● **REQUIRED WORK**:
Write out the whole listing exactly as it is written below.

● **ENTRIES SUPPLIED**:
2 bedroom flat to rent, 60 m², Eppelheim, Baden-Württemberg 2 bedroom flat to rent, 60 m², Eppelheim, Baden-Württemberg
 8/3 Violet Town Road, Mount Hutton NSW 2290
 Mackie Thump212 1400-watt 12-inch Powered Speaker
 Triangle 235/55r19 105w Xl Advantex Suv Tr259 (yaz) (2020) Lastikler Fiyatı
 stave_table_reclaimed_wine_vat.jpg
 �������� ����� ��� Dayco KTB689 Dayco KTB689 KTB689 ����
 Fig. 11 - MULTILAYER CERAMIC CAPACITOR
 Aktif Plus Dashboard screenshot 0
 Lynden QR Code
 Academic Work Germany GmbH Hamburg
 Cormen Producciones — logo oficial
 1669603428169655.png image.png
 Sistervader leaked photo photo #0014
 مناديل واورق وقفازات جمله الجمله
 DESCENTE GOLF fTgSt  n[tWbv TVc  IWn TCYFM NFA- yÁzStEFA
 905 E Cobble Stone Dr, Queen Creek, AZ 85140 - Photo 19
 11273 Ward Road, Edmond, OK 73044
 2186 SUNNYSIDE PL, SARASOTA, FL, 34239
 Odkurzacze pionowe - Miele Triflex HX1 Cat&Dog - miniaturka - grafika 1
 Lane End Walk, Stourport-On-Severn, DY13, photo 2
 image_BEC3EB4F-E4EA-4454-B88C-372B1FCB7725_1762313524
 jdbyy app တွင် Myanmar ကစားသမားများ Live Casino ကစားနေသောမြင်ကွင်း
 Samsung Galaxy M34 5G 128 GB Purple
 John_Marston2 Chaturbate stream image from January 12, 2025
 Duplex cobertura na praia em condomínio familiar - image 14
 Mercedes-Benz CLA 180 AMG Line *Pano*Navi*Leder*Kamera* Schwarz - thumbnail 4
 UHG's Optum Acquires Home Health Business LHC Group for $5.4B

● **OUTPUT BELOW**:
2 bedroom flat to rent, 60 m², Eppelheim, Baden-Württemberg 2 bedroom flat to rent, 60 m², Eppelheim, Baden-Württemberg
 8/3 Violet Town Road, Mount Hutton NSW 2290
 Mackie Thump212 1400-watt 12-inch Powered Speaker
 Triangle 235/55r19 105w Xl Advantex Suv Tr259 (yaz) (2020) Lastikler Fiyatı
 stave_table_reclaimed_wine_vat.jpg
 �������� ����� ��� Dayco KTB689 Dayco KTB689 KTB689 ����
 Fig. 11 - MULTILAYER CERAMIC CAPACITOR
 Aktif Plus Dashboard screenshot 0
 Lynden QR Code
 Academic Work Germany GmbH Hamburg
 Cormen Producciones — logo oficial
 1669603428169655.png image.png
 Sistervader leaked photo photo #0014
 مناديل واورق وقفازات جمله الجمله
 DESCENTE GOLF fTgSt  n[tWbv TVc  IWn TCYFM NFA- yÁzStEFA
 905 E Cobble Stone Dr, Queen Creek, AZ 85140 - Photo 19
 11273 Ward Road, Edmond, OK 73044
 2186 SUNNYSIDE PL, SARASOTA, FL, 34239
 Odkurzacze pionowe - Miele Triflex HX1 Cat&Dog - miniaturka - grafika 1
 Lane End Walk, Stourport-On-Severn, DY13, photo 2
 image_BEC3EB4F-E4EA-4454-B88C-372B1FCB7725_1762313524
 jdbyy app တွင် Myanmar ကစားသမားများ Live Casino ကစားနေသောမြင်ကွင်း
 Samsung Galaxy M34 5G 128 GB Purple
 John_Marston2 Chaturbate stream image from January 12, 2025
 Duplex cobertura na praia em condomínio familiar - image 14
 Mercedes-Benz CLA 180 AMG Line *Pano*Navi*Leder*Kamera* Schwarz - thumbnail 4
 UHG's Optum Acquires Home Health Business LHC Group for $5.4B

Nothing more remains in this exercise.